Las externalidades negativas figuran entre los “fallos del mercado”, y son una de las principales razones que justifican la intervención del Estado, según la teoría económica convencional. Se trata de costes de cualquier actividad que afectan a quienes no participan en dicha actividad, con lo que no se reflejan en el precio de mercado, con lo que los costes privados resultan inferiores a los costes sociales. Esto demanda una intervención pública para ajustar los costes privados a los sociales, o, en la jerga de los economistas, internalizar la externalidad.
La noción es antigua: Adam Smith la utilizó en La riqueza de las naciones a propósito de la banca. Desde Pigou en el siglo XX la idea se formaliza, y llega hasta hoy. Son pocos los economistas que se han atrevido a ir contra la corriente. Uno de ellos fue Coase, que demostró en 1960 que las externalidades pueden no ser fallos del mercado sino del marco institucional, singularmente de los derechos de propiedad.
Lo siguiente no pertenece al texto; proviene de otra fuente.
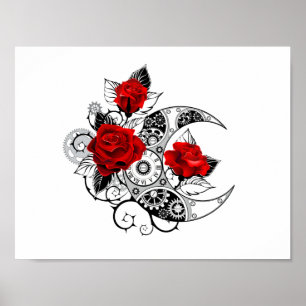 Mechanical Crescent with Red Roses Poster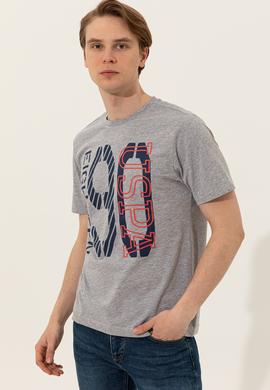 Erkek Gri Melanj Bisiklet Yaka Tişört - 50246142047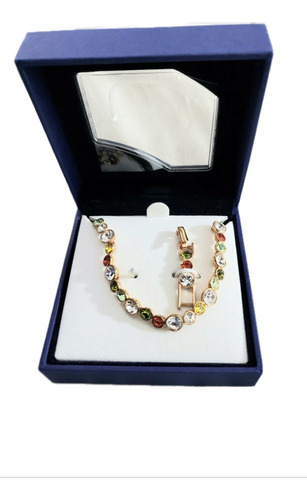 Pulsera Brazalete Swarovski Gema Multicolor Tono Oro 18 Cm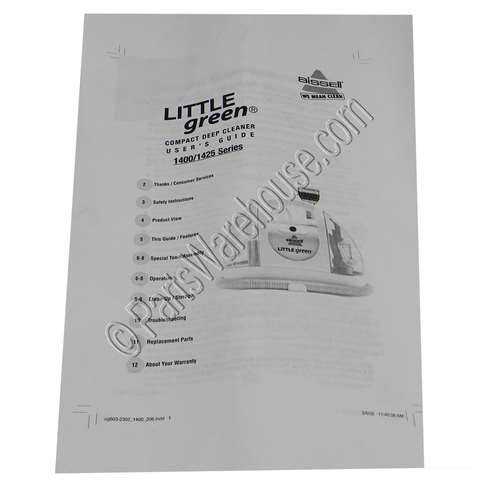 bissell little green instructions manual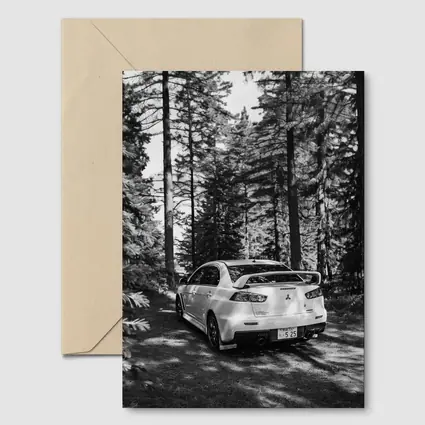Mitsubishi Lancer Evo Forest Black White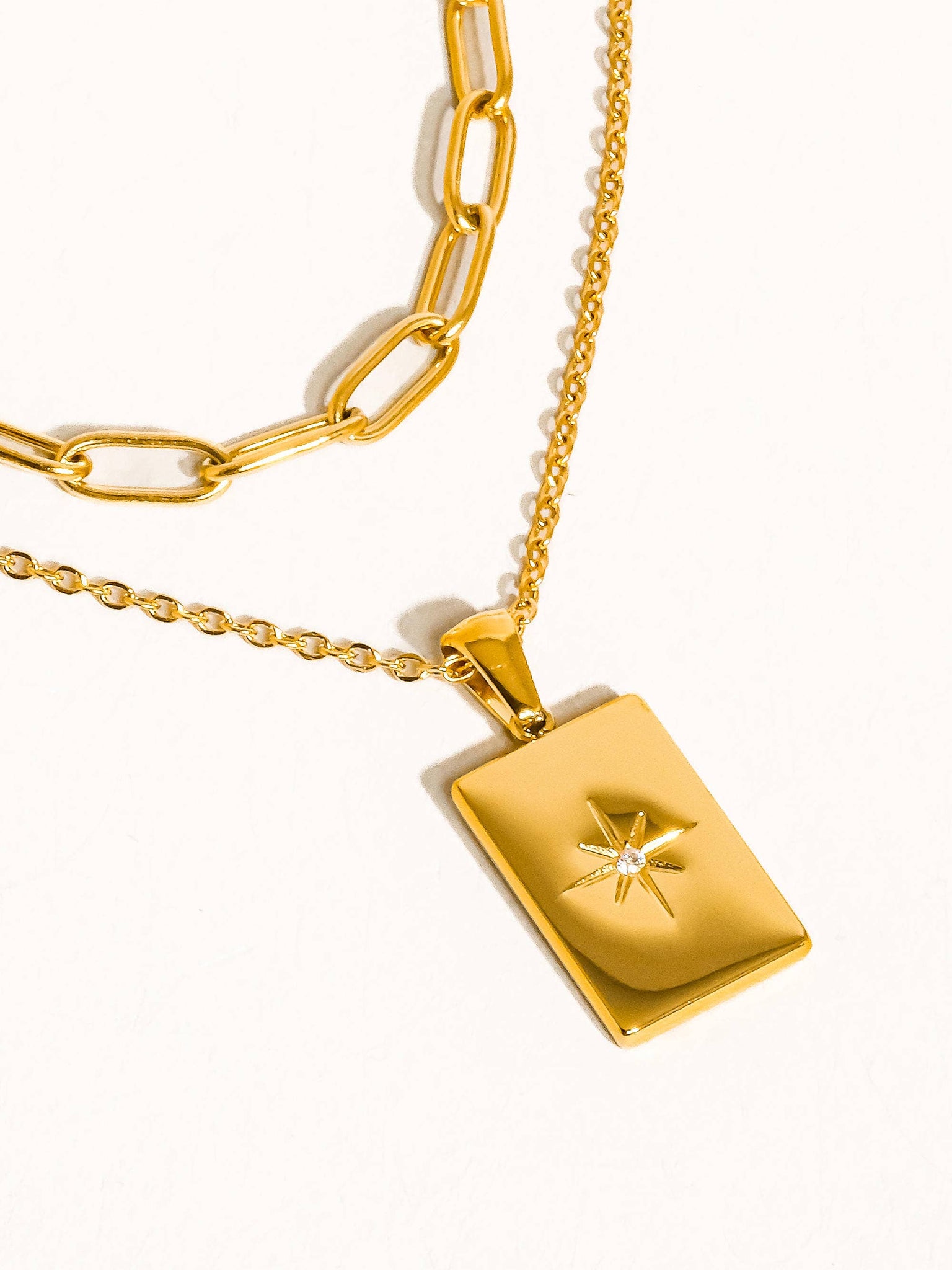Gabin Gold Non-Tarnish Layered Chain Necklace:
Otra forma de ver las externalidades es analizarlas desde la alternativa al mercado, que es el Estado. La Escuela de la Elección Pública cambió la forma de ver el Estado, dejando de considerarlo una suerte de Deus ex machina que todo lo resuelve, y todo lo puede ocupar con su acción y su control, sin efectos colaterales dañinos. Buchanan y Tullock sostienen lo contrario: “La existencia de efectos externos de la conducta privada no es una condición necesaria ni suficiente para que una actividad caiga bajo el ámbito de la elección colectiva”.
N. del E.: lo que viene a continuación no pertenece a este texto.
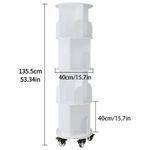 product_image_name-Generic-White 5 Tier 360° stackable bookshelf organizer with wheels* -2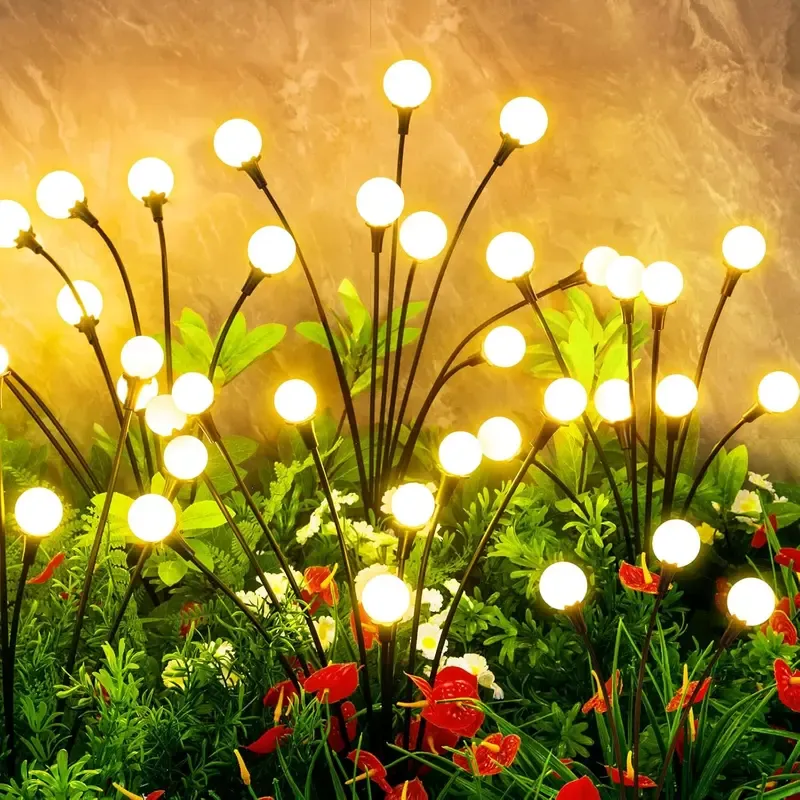 Outdoor Solar Firefly LED Lights - 4 Pack Waterproof Garden Stake Decorative Lamps with Auto Dusk-to-Dawn Glow, 32 LEDs for Curb Appeal, Whimsy Decor, Mood Lighting & LED Pathway Lighting,dorm essentials,home decor,home essentials,camping essentials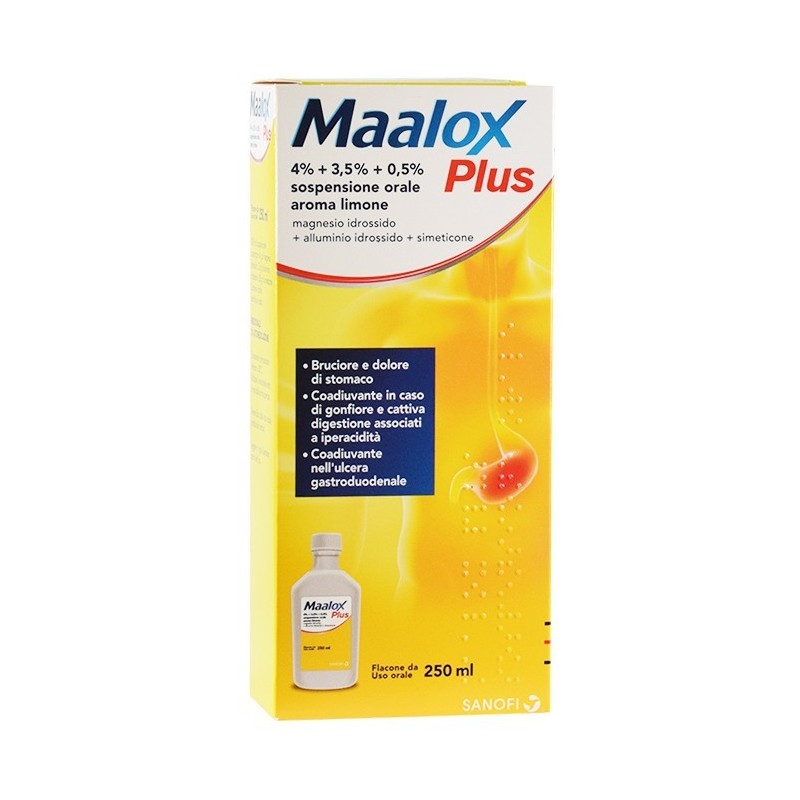 Opella Healthcare Italy Maalox Plus 4% + 3,5% + 0,5% Sospensione Orale Aroma Limone.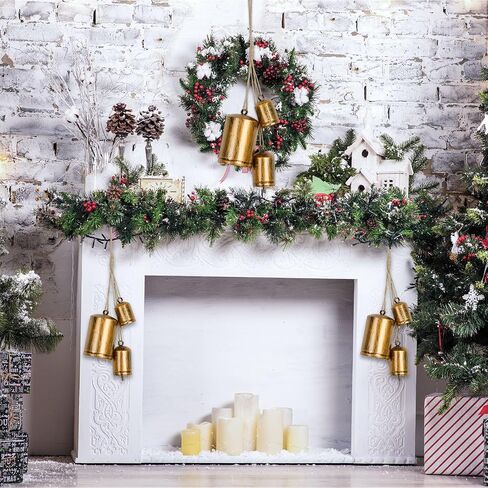 Kyoryuger Christmas Bells Set of 4 Shabby Cow Bells Christmas Bell Ornaments for Christmas Tree Christmas Wreath Hanging Decorative Bells for Doors Walls Windows Rustic Cow Bell Golden in Saudi Arabia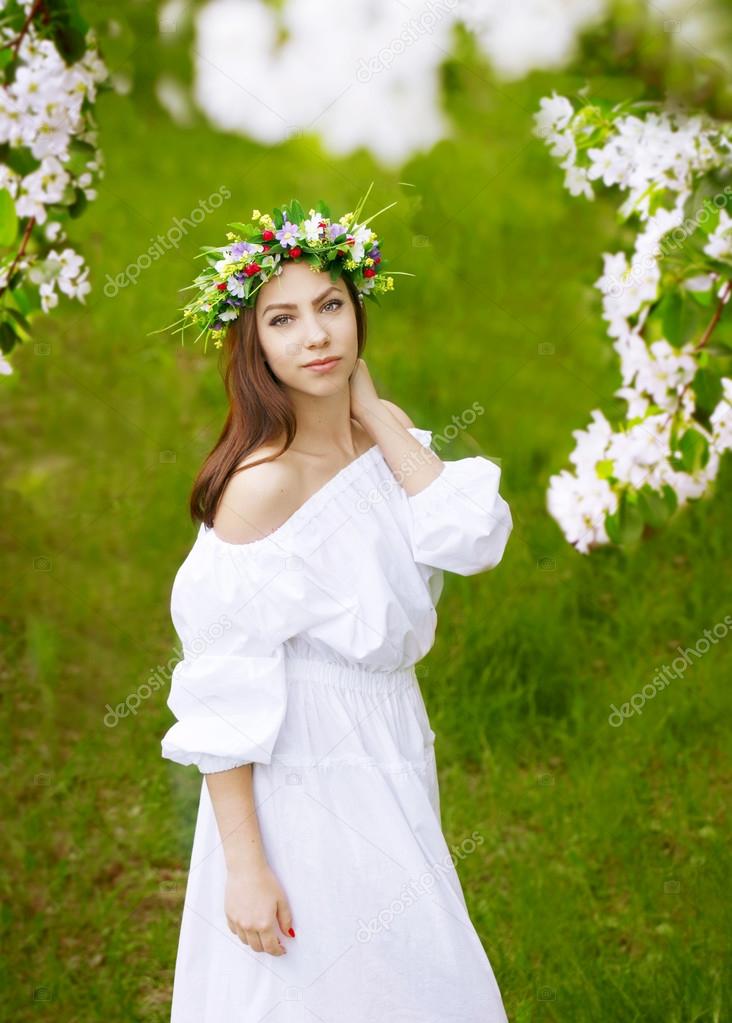 The girl in the flowered garden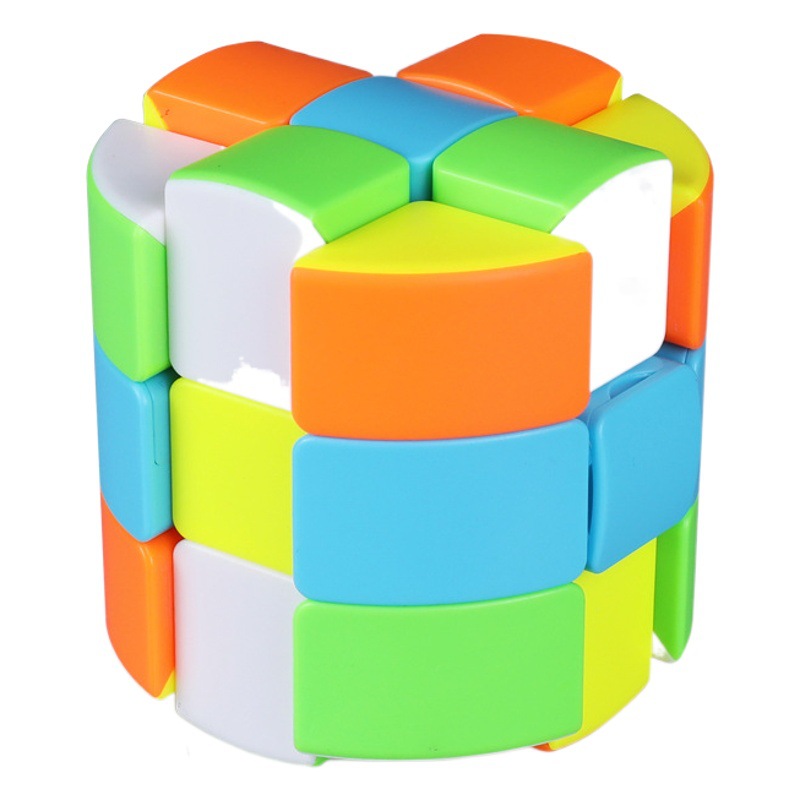 Qiyi third-level cylindrical Rubik's Cube third-level round cake solid color special-shaped Rubik's Cube educational children's toys creative Wholesale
El motivo es que colectivizar una actividad genera a su vez externalidades, y asimismo, que el mercado puede resolver el problema, si no hay costes prohibitivos para el logro de acuerdos voluntarios.
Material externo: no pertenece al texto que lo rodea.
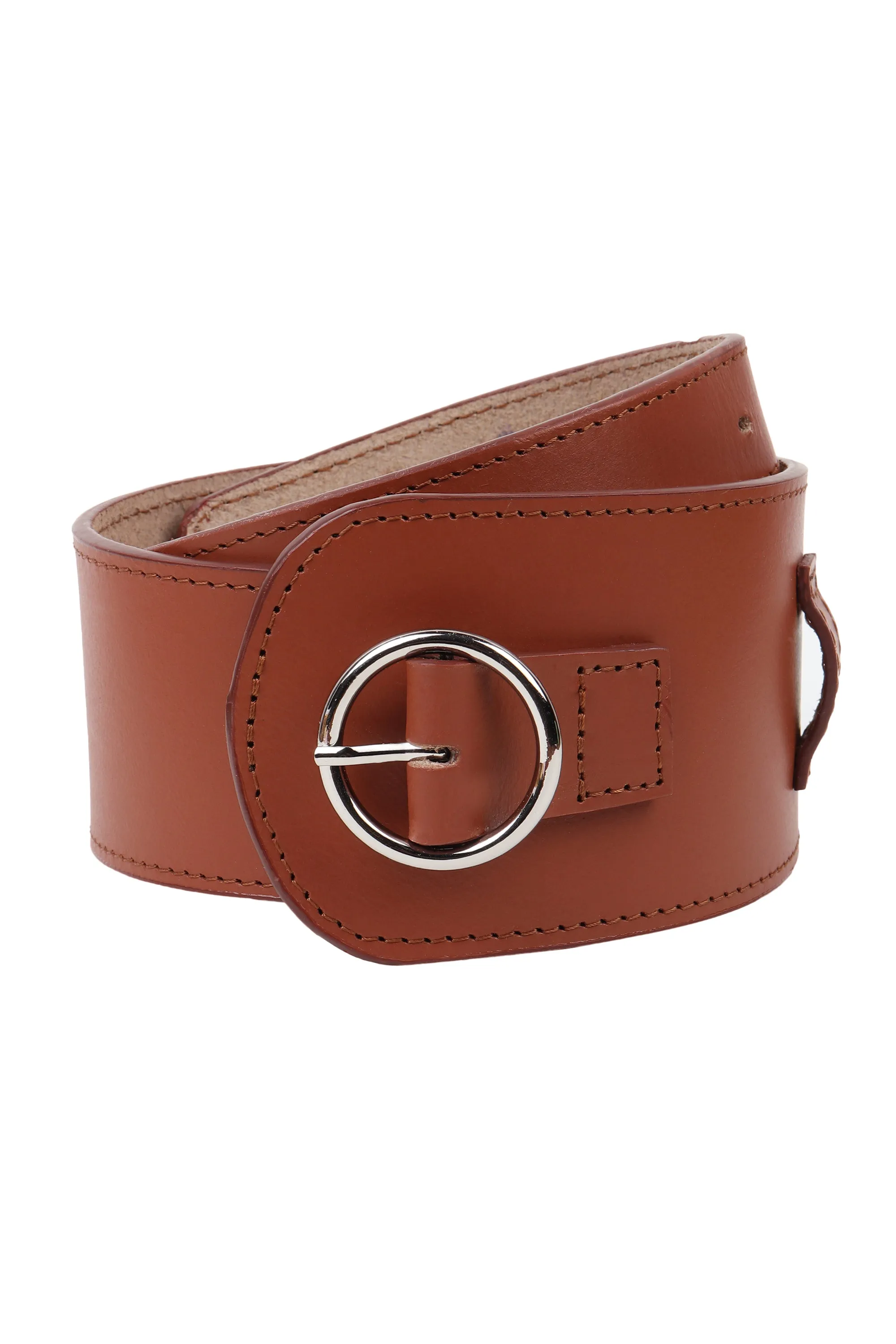 Wide Upcycled Leather Belt Tan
Dichos costes son la clave porque, fuera de la unanimidad, toda intervención tiene costes que serán rechazados por algunas personas: “El grueso de los estudiosos han supuesto, sin ser conscientes de ello, que toda la acción del Estado tiene lugar como si hubiera un consenso unánime. No han observado que una parte importante de la acción del Estado, que sería racionalmente apoyada bajo algunas reglas de decisión, no puede ser racionalmente apoyada bajo todas las reglas de decisión”. Si el número de personas necesarias para acordar la colectivización es pequeño, los costes para el individuo renuente serán tan grandes que rechazará esa regla de decisión; y si el número es demasiado grande, los costes de arribar a una decisión serán tan altos que la colectivización no merecerá la pena.
Las externalidades, en suma, no justifican la intervención del Estado. Los economistas que lo niegan no aportan “satisfactoriamente una explicación económica para la aceptación general de reglas fuera de la unanimidad para la decisión colectiva”. Convendrá recordarlo ahora más que nunca, cuando se avecinan, como siempre, impuestos y elecciones.